John and Yoko show heads for Museum of Liverpool
An exhibition dedicated to John Lennon and Yoko Ono will remain open at the Museum of Liverpool until November.
The decision was taken to extend the run of Double Fantasy - John and Yoko from the original closing date of April because of demand.
Since it opened in the waterfront museum's Wondrous Place gallery last May it has been seen by more than 300,000 people.
Double Fantasy – John & Yoko charts the couple’s partnership as creatives and also as campaigners for peace, as well as the ongoing Imagine Peace campaign.
It includes personal objects along with art, music and film produced by the pair, all drawn from Yoko Ono’s own private collection. Some of it has never been put on show before.
The 85-year-old (pictured above by Mark McNulty), who returned to the waterfront museum to see the exhibition ahead of its opening, said: “I’m really thrilled to open this show here in Liverpool, a city which has shown me so much love and kindness and which I always love visiting.

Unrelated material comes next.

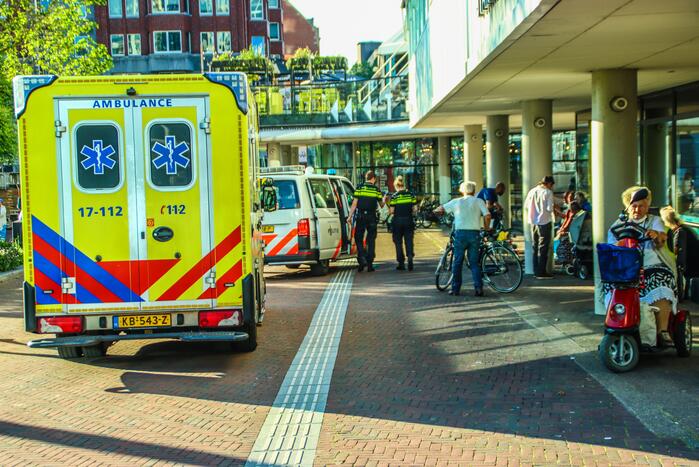 Gewonde bij steekpartij bij stadsterras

"I hope when people see this show they have a sense of the incredible relationship John and I had, and also the power of love. I love you John!”
John and Yoko. Photo by Keith McMillan
She added: “We were a very simple couple just loving each other every day and I just wanted to show the simple truth of us. In our personal life we were pretty simple people, and we made all sorts of things with love for each other. Everything was made out of love.
“We found that we were both very strongly interested in world peace. I feel John and I are still working together. I always feel his warmth next to me.
The then-Beatle and the Japanese-American avant garde artist first met at London’s Indica Gallery in the mid-1960s. They married in 1969, famously spending their honeymoon in a Bed In for peace.
The exhibition features hand-written lyrics to songs like Woman, Give Peace a Chance and In My Life, original artwork including Yoko’s Ceiling Painting/Yes Painting and Apple, as well as The Daily Howl, the hand-made magazine John created to entertain classmates at Quarry Bank, his wire-rimmed glasses and iconic New York City T-shirt, items from their wedding outfits, and John’s Green Card.
Sharon Granville, director of the exhibition for National Museums Liverpool, said: “We’ve worked closely with Yoko and her team for several years to tell an intimate story of the couple’s relationship and work, using her and John’s words wherever it was possible.
“Setting this against a backdrop of the volatile late 1960s – Vietnam War, civil rights protests and social unrest and revolution across Europe and the USA - reveals just how creatively and bravely the couple harnessed their fame and influence to express their radical ideas, challenge preconceptions of the role of artists in society and promote universal themes of peace, love and equality, which continue to have strong resonance and importance today.”
Double Fantasy – John & Yoko is at the Museum of Liverpool until November 3.